* _EXERCISE BRIEF_
Find "Disability: Definition, Value" in the listing below, then set down only that line and each later line, unchanged, leaving out pictures.

── INFORMATION GIVEN

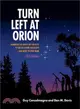 Turn Left at Orion ― Hundreds of Night Sky Objects to See in a Home Telescope - and How to Find Them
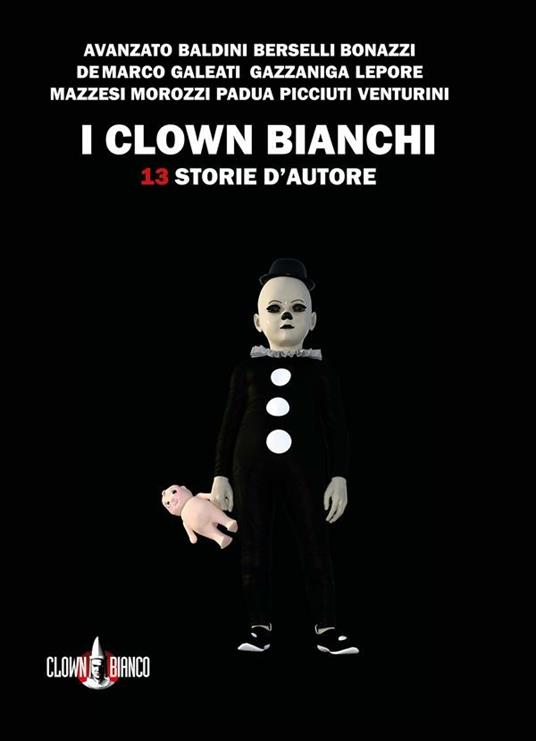 I clown bianchi - Gianluca Morozzi - ebook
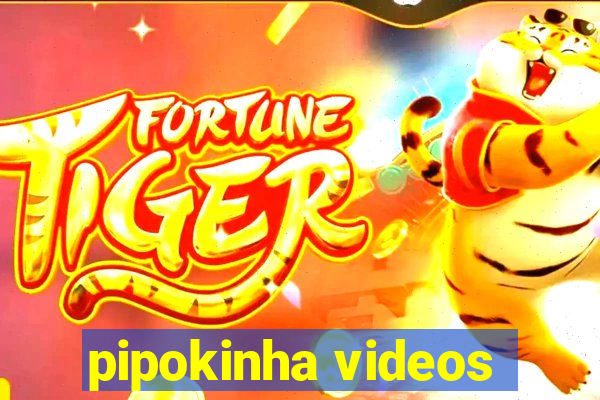 pipokinha videos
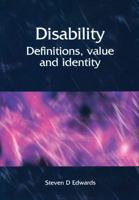 Disability: Definition, Value And Identity 1857757009 Book Cover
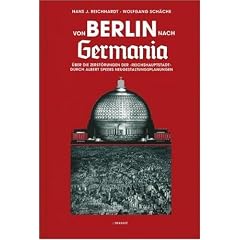 Von Berlin nach Germania: �ber die Zerst�rungen der "Reichshauptstadt" durch Albert Speers Neugestaltungsplanungen: �ber die Zerst�rungen der ... durch Albert Speers Neugestaltungsplanungen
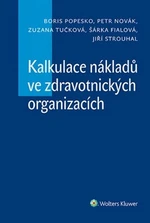 Kalkulace nákladů ve zdravotnických organizacích - Boris Popesko, Petr Novak, Zuzana Tučková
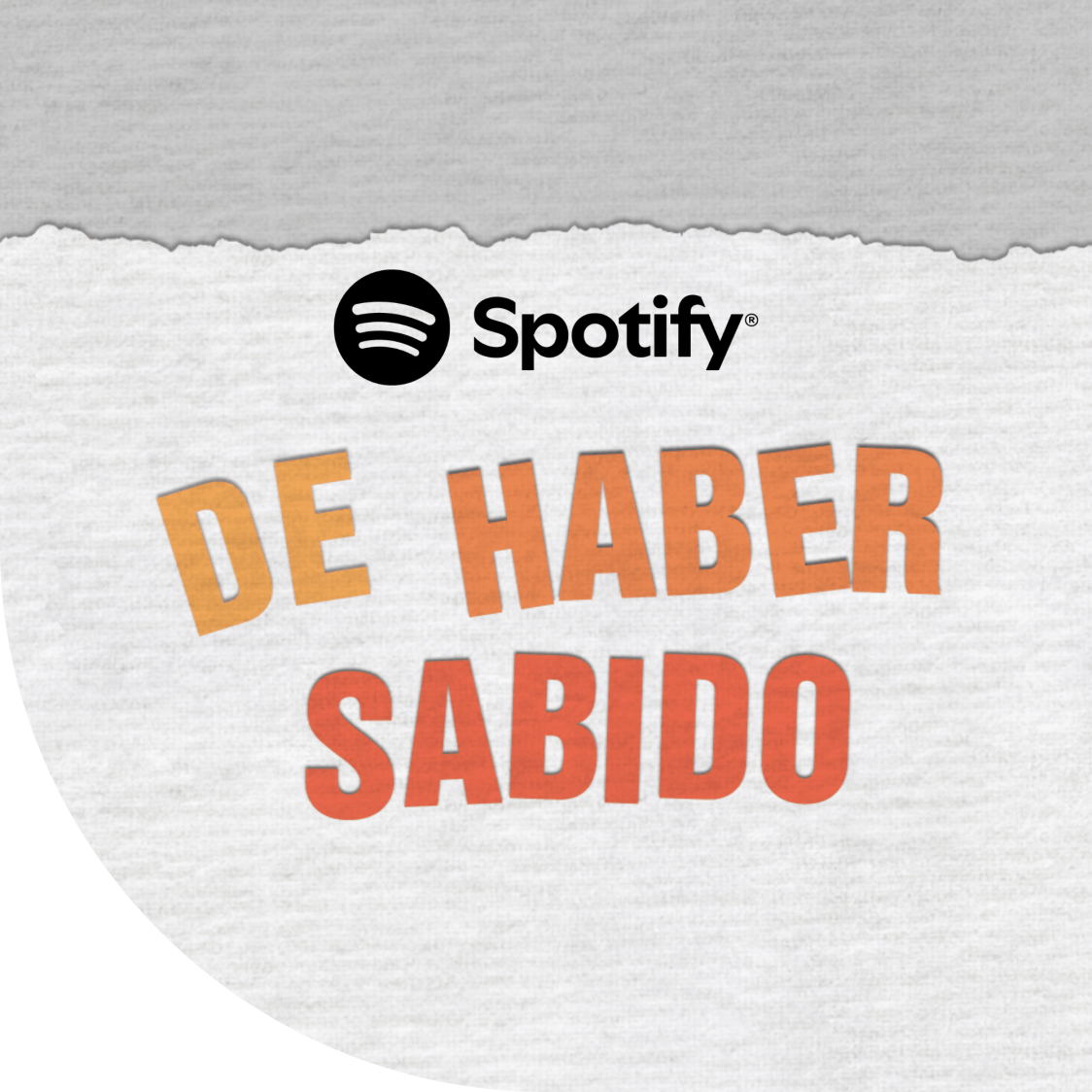 De haber sabido en Spotify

────

* _RESULT FOR THIS TASK_
 Disability: Definition, Value And Identity 1857757009 Book Cover
 Von Berlin nach Germania: �ber die Zerst�rungen der "Reichshauptstadt" durch Albert Speers Neugestaltungsplanungen: �ber die Zerst�rungen der ... durch Albert Speers Neugestaltungsplanungen
 Kalkulace nákladů ve zdravotnických organizacích - Boris Popesko, Petr Novak, Zuzana Tučková
 De haber sabido en Spotify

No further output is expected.